+++ Source material +++

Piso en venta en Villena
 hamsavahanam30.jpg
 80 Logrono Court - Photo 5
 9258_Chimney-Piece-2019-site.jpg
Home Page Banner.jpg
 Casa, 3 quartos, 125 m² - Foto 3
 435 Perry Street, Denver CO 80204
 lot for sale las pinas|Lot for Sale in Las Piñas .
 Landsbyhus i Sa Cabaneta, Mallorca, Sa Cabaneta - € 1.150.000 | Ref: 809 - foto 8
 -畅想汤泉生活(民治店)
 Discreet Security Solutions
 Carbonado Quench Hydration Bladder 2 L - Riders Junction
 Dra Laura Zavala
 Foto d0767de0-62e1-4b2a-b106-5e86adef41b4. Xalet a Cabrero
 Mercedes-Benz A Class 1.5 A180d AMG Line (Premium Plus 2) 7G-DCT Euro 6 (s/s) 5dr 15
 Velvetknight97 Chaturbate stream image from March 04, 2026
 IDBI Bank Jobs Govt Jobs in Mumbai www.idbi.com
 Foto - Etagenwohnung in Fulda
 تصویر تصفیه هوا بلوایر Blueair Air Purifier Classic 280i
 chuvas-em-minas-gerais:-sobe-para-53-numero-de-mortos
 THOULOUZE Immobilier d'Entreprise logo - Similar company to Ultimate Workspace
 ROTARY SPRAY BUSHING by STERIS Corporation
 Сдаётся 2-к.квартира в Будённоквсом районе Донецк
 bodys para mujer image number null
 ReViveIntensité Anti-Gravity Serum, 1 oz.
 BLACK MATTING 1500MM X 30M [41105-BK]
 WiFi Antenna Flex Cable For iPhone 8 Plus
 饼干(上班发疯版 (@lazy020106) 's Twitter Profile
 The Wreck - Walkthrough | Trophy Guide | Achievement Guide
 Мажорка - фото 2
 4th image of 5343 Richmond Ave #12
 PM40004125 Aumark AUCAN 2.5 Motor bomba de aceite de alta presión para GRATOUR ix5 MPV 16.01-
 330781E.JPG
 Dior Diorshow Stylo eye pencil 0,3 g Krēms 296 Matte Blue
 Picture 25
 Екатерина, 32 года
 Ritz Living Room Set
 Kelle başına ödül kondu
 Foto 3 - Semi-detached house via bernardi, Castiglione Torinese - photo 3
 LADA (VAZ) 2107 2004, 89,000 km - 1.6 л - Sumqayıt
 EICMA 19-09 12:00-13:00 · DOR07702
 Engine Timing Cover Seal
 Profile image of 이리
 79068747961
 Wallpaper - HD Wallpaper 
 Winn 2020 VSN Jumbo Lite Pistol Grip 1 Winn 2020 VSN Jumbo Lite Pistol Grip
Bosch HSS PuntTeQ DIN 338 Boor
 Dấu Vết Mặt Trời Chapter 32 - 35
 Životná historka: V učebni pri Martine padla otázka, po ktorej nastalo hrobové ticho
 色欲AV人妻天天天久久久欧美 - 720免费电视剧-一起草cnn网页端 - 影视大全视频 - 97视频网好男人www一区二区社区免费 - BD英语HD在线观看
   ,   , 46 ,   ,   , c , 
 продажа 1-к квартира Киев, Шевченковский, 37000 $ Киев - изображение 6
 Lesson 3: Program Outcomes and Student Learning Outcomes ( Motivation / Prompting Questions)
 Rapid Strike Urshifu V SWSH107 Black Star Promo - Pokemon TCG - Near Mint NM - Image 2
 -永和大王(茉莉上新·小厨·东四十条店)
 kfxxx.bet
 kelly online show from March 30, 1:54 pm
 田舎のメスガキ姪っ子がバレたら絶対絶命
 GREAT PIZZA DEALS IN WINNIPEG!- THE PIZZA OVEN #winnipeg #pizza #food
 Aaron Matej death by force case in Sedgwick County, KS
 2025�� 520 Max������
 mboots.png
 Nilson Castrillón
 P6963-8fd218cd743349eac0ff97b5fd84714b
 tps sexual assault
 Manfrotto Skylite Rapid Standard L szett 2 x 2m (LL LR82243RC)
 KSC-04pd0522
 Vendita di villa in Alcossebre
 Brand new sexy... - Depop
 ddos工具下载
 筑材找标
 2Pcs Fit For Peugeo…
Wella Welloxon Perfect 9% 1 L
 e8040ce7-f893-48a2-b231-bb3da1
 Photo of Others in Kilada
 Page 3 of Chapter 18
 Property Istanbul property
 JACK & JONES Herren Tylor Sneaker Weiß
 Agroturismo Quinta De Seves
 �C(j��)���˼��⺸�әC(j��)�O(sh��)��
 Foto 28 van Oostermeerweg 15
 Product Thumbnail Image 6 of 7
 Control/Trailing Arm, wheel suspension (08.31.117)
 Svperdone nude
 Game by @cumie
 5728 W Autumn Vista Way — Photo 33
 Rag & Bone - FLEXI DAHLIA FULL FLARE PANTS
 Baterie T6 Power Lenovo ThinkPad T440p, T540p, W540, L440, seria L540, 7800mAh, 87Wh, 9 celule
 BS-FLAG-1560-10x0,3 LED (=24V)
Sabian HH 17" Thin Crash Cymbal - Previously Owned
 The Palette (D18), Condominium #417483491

+++

▶ [Task instructions]: Using the data above, repeat exactly the lines that begin at the line with "Foto - Etagenwohnung in Fulda" and end at the line with "Ritz Living Room Set", both ends included.

▶ [Result of this task]:
 Foto - Etagenwohnung in Fulda
 تصویر تصفیه هوا بلوایر Blueair Air Purifier Classic 280i
 chuvas-em-minas-gerais:-sobe-para-53-numero-de-mortos
 THOULOUZE Immobilier d'Entreprise logo - Similar company to Ultimate Workspace
 ROTARY SPRAY BUSHING by STERIS Corporation
 Сдаётся 2-к.квартира в Будённоквсом районе Донецк
 bodys para mujer image number null
 ReViveIntensité Anti-Gravity Serum, 1 oz.
 BLACK MATTING 1500MM X 30M [41105-BK]
 WiFi Antenna Flex Cable For iPhone 8 Plus
 饼干(上班发疯版 (@lazy020106) 's Twitter Profile
 The Wreck - Walkthrough | Trophy Guide | Achievement Guide
 Мажорка - фото 2
 4th image of 5343 Richmond Ave #12
 PM40004125 Aumark AUCAN 2.5 Motor bomba de aceite de alta presión para GRATOUR ix5 MPV 16.01-
 330781E.JPG
 Dior Diorshow Stylo eye pencil 0,3 g Krēms 296 Matte Blue
 Picture 25
 Екатерина, 32 года
 Ritz Living Room Set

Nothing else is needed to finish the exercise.